Lo “straniero” necessario. Fofi praticava una forma di estraneità attiva: stava dentro le lotte — dal dopo-concilio ai movimenti antirazzisti — ma con la freddezza di chi osserva da fuori per coglierne la deriva. È la postura dello xénos greco, forestiero che interroga l’ordine della polis. Oggi quello sguardo ci serve più che mai, perché l’appiattimento algoritmico non tollera l’irregolare: lo silenzia, lo de‑indicizza, lo rende invisibile. Se vogliamo salvare qualcosa del suo lascito dobbiamo immaginare un nuovo ecosistema critico fatto di micro‑riviste digitali a licenza aperta, biblioteche di quartiere come hub multimediali, borse di studio che premiano la lentezza della ricerca anziché la frenesia del contenuto‑flash.
Mappe di lettura disobbediente. La bibliografia di Fofi è una mappa per navigare nella modernità senza confonderla con la moda. Capire il cinema, I cattivi maestri, Campo dei poveri: titoli che non forniscono scorciatoie, ma attrezzi da scavo. Rileggere quei volumi oggi significa riapprendere la disciplina del contesto, antidoto al “tutto e subito” dei feed. E forse scoprire che la cultura, per essere viva, deve sempre contenere un margine di disturbo.
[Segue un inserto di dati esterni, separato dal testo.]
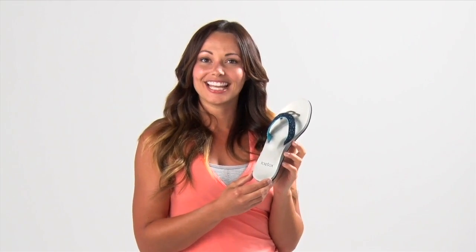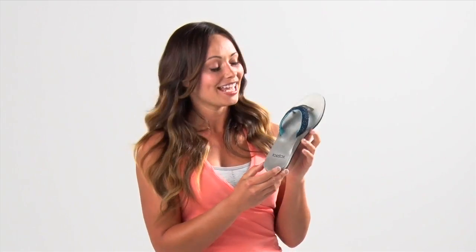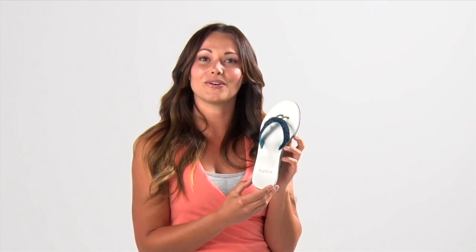Hi, I'm Courtney Miller, Pilates and Ballet Bar Educator. This is the Diva from Toe Socks, and it is quite divish for a sandal. The footbed is this metallic silver, so it's gonna give you a little bit of bling, which I love. It does come in a variety of colors as well.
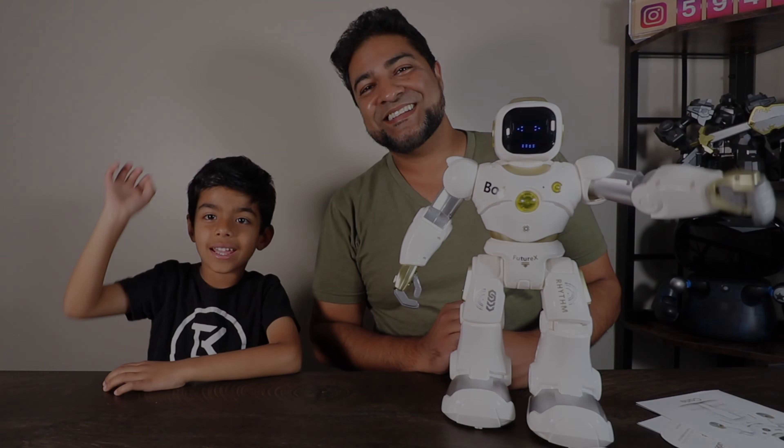Well there you folks have it — Ruko Carl the Space Warrior. If you guys have any questions about this robot or anything else Ruko sells, be sure to put it in the comments below. Thanks for watching guys, bye!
“In un’epoca di recensioni‑emoji, la morte di Fofi ci ricorda che la cultura esige coraggio, tempo lungo e una salutare dose di disobbedienza. Se non disturbiamo nessuno, allora non stiamo leggendo — né scrivendo — abbastanza.”
Parola di uno straniero che, proprio andandosene, ci impone di tornare a guardare il mondo di taglio.